Tüm evren belli bir denge üzerinde var olur.
Evreninin bir parçası olan insan da tabii ki. Mesela, vücudumuzun bağışıklık sistemini düşünelim. Vücuda giren zararlı maddeleri yok etmek üzere programlanmışlardır. Peki ya bağışıklık sistemi çok güçlenirse ne olur dersiniz? Kendi organlarımıza saldırır. Kendi var oldukları vücut ikliminin katili olurlar. Burada önemli olan dengedir. Zararlıları yok edecek kadar güçlü, vücuda zarar vermeyecek kadar zayıf.
Yine mesela doğada zararlı kimyasalların dönüşümü için gözümüzle görmediğimiz milyarlarca çarpı milyarlarca bakteri çalışır. Faydalı bakteriler.
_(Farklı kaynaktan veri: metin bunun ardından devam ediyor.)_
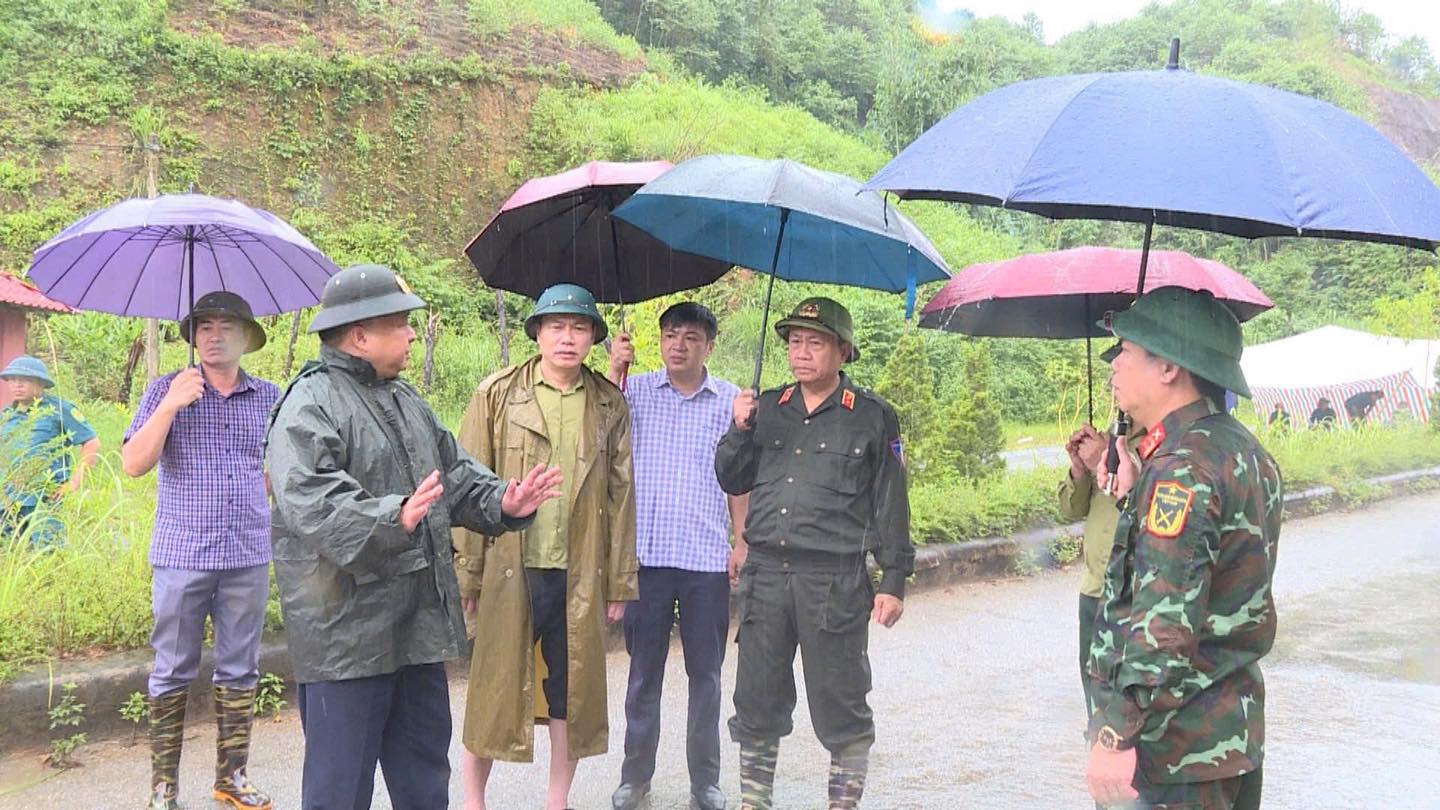LÃNH ĐẠO CÔNG AN TỈNH TRỰC TIẾP KIỂM TRA CÔNG TÁC KHẮC PHỤC HẬU QUẢ BÃO LŨ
Zehirli maddeleri bulup yerler, dönüştürürler. Ortalıkta hiç zehirli bakteri kalmazsa, ilk ölecek olan da bu yararlı bakterilerdir. Çünkü yararlı bakterilerin besini o yok ettikleri zehirlerdir.
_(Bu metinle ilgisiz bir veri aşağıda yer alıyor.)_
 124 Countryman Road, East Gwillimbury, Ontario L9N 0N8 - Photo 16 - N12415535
Doğadaki bu dengeyi bozan şey ise çok açık ara ile insanoğlu. İnsanoğlu bir kez dengeyi bozdu mu, yine en çok zararı kendisi görür. Görür ama ders almaz. Hava-su kirliliğini, dere yataklarına yapılan evleri, genleri ile oynanmış gıdaları falan geçtim. Ama biz nasıl yaptı isek bu dengeyi bozacak şekilde koca koca kentler kurumuşuz. Önce Gemlik’in taşınacağı haberi yansıdı haberlere. Ardından da dün Rize kent merkezinin. İkisi de doğaya aykırı, mevcut dengeyi bozacak şekilde yapılanmış. Gemlik’in sıkıntısı deprem.
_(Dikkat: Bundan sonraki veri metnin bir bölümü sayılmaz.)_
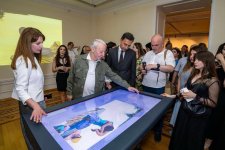 В портрете женское лицо … - красочная экспозиция в летнем Баку (ФОТО)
Rize’ninki ise dolgu alana inşaat. 60’lı yıllarda deniz kayalar ve kumlarla doldurulmuş kazanılan yeni alan ise yapılaşmaya açılmış. Karadeniz malum. Neredeyse saksı koyacak kadar düz toprak yok. Bu elde edilen yeni alan, müteahhitlikleriyle ünlü Rizeliler ile birleşince ortalık yüksek binalardan geçilmez olmuş. Altı deniz, üstünde ise kocaman binalar. Siz hiç tuzlu suyun demire ne yaptığını gördünüz mü? Tuzlu su demiri yok eder. Asit yanında halt yemiş. Hal böyle olunca da binaların içinde yaşayanlar tehdit altında anlayacağınız. Şimdi kentin bu bölümü taşınıyor. Allah’tan bir kaza bela olmadan önlem alınıyor. Yoksa çok yanardık.
Doğa, denge bozuldu mu mutlaka intikamını alıyor. Bunu bilerek hareket etmek gerekiyor.
Yıllar evvel Antalya Elmalı’yı ziyaret etmiştim. Resimlerinden burada olağanüstü bir göl olduğu görülüyordu. Aradım aradım, bir türlü koca gölü bulamadım. Sorunca anlaşıldı ki göl yine insanoğlunun hırsına kurban gitmişti. Zamanın hükümeti ve Su İşleri Genel Müdürü Süleyman Demirel köylünün isteği üzerine Avlan’ı besleyen kaynakları kesmişti. Göl kurumuş ve köylü üzerinde tarıma başlamıştı. Fakat kısa sürede görüldü ki, göl çekilince toprak altındaki tuz yukarı çıktı, tarlalar zehirlendi, tarım yapılamaz hale geldi. Göl gidince bölgenin iklimi de değişti. Havadaki nem kayboldu. Peki, kim zararlı çıktı?